Según señalaron a misPeces desde la organización de productores, la iniciativa que permitía a los Estados miembro restringir o prohibir la venta y utilización en su territorio de alimentos o piensos trasngénicos autorizados a nivel comunitario fue rechazado, una postura que esperan “se imponga en la correspondiente a la de la Comisión”.
El principal inconveniente de esta propuesta estriba en que mientras el cultivo tiene lugar necesariamente dentro del territorio de un país, el comercio puede conllevar cruce de fronteras, “por lo que el veto de uso y venta puede ser difícil o imposible de imponer si no va acompañado de controles de las importaciones”.
En nuestra opinión, señalan desde la OPP, sería mejor que no existiera la utilización de transgénicos, “pero esta postura es inviable en la actualidad”, ya que, en terceros países se están produciendo alimentos con el uso de materias primas vegetales procedentes de transgénicos, y una parte sustancial de éstos son importados por la Unión Europea.
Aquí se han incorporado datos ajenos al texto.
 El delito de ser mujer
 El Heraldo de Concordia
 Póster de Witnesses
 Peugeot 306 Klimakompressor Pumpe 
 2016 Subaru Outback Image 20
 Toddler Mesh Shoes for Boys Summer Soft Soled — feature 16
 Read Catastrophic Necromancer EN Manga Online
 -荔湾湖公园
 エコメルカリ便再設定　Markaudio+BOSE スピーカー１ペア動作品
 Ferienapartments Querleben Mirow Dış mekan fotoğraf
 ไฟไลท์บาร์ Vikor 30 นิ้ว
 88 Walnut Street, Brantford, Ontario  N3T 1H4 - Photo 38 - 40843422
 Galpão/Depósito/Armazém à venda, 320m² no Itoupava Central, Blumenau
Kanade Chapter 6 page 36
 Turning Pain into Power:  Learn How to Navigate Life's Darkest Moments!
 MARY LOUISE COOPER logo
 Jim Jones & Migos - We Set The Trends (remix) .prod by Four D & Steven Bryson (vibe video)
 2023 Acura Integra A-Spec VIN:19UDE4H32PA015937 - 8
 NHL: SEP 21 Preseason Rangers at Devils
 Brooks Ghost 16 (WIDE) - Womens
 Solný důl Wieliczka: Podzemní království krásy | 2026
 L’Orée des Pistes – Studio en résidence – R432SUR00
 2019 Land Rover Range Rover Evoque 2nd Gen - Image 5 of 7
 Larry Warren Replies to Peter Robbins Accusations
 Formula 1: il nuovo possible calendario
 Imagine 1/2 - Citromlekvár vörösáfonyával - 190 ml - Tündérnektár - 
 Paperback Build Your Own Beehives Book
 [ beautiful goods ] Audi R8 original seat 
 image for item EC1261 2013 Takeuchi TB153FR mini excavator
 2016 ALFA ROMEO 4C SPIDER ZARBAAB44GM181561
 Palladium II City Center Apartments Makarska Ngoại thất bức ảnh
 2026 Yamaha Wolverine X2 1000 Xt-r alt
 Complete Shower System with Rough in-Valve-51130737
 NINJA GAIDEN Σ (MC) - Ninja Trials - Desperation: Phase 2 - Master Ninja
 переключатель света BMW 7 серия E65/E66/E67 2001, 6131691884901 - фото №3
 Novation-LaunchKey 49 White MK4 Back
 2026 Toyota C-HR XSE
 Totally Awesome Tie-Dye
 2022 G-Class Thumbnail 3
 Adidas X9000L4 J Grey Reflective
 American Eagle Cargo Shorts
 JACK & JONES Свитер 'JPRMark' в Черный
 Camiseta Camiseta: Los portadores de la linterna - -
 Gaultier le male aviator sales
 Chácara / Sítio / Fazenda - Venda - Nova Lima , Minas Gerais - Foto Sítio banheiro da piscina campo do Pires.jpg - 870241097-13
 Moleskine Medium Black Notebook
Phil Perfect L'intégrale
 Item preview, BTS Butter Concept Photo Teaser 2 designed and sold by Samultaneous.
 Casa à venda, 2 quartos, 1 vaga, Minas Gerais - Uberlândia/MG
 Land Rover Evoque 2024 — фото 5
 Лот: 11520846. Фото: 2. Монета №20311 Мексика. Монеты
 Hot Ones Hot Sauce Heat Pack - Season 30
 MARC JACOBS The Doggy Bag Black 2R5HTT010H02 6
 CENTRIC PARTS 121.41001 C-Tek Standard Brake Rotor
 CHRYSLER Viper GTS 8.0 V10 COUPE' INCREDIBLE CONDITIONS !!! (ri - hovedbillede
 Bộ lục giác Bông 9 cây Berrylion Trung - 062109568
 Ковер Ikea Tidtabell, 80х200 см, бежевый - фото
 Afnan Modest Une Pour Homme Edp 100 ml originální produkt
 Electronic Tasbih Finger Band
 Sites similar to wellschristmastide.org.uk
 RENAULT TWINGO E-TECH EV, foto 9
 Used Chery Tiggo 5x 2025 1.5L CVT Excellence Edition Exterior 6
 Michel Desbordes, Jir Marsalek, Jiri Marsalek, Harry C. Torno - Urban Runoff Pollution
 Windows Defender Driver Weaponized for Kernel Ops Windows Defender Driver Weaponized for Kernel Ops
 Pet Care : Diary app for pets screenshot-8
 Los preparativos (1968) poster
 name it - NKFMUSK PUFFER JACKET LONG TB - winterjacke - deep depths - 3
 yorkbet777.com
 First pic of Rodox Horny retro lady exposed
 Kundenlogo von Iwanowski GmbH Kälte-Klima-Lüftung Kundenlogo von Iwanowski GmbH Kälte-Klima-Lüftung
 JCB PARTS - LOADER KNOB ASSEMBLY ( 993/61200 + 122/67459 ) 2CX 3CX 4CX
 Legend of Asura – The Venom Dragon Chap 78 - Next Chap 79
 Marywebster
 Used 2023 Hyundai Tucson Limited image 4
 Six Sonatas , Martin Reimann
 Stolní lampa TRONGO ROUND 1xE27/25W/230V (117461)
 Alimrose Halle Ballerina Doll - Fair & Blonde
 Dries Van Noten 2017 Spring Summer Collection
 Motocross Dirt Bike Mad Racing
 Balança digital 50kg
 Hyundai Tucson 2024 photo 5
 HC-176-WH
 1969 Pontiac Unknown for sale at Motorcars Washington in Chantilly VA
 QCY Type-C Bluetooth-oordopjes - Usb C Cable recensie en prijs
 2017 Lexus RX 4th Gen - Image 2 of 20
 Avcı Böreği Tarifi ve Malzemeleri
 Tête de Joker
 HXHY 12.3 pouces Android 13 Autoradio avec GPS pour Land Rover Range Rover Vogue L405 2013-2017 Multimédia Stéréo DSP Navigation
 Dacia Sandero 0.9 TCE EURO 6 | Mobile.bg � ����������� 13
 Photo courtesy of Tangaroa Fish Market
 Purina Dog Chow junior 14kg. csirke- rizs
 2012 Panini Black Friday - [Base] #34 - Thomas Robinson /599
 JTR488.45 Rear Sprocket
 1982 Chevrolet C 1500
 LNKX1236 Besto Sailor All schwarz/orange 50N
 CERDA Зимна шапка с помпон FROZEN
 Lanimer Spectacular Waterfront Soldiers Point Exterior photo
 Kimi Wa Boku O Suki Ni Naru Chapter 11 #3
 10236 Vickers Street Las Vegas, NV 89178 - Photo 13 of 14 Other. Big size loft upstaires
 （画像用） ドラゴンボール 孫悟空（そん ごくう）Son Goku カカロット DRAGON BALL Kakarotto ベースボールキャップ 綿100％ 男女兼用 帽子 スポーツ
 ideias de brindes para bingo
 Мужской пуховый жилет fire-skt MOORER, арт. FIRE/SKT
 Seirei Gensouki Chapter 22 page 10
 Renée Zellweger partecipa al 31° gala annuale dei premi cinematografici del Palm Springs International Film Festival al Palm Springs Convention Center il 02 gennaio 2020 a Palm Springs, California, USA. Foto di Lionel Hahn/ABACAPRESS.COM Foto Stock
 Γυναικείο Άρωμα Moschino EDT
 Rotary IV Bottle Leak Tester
“Los productores de acuicultura europeos y españoles debemos soportar un sobrecoste que incide muy negativamente en nuestra competitividad, por concurrir en los mercados UE con productos similares procedentes de terceros países que sí utilizan transgénicos en la composición de sus alimentos”, señalan.
Esta medida afecta por tanto al sector acuícola, que insta a “no retrasar más la autorización de variedades modificadas genéticamente, que hayan sido declaradas científicamente seguras para la producción de piensos para acuicultura”.
En el sector piscícola europeo denuncia que el veto por el uso de OGM viene impuesto por la distribución y cadenas minoristas en la Unión Europea, y en España, que no acepta que los productores acuícolas empleen piensos que contengan vegetales transgénicos.
Cabe recordar que la propuesta, que modifica la legislación comunitaria actual sobre transgénicos, fue presentada por la Comisión Europea el 22 de abril de 2015. El ejecutivo de la UE vinculó su iniciativa a otra norma vigente desde abril pasado que permite a los países prohibir el cultivo en su territorio de OGM aprobados a nivel comunitario.
Bruselas no va a retirar su propuesta, que todavía debe ser discutida por los ministros de los 28. Si el Consejo, que actúa como colegislador junto al Parlamento, también la rechaza, la iniciativa será suprimida.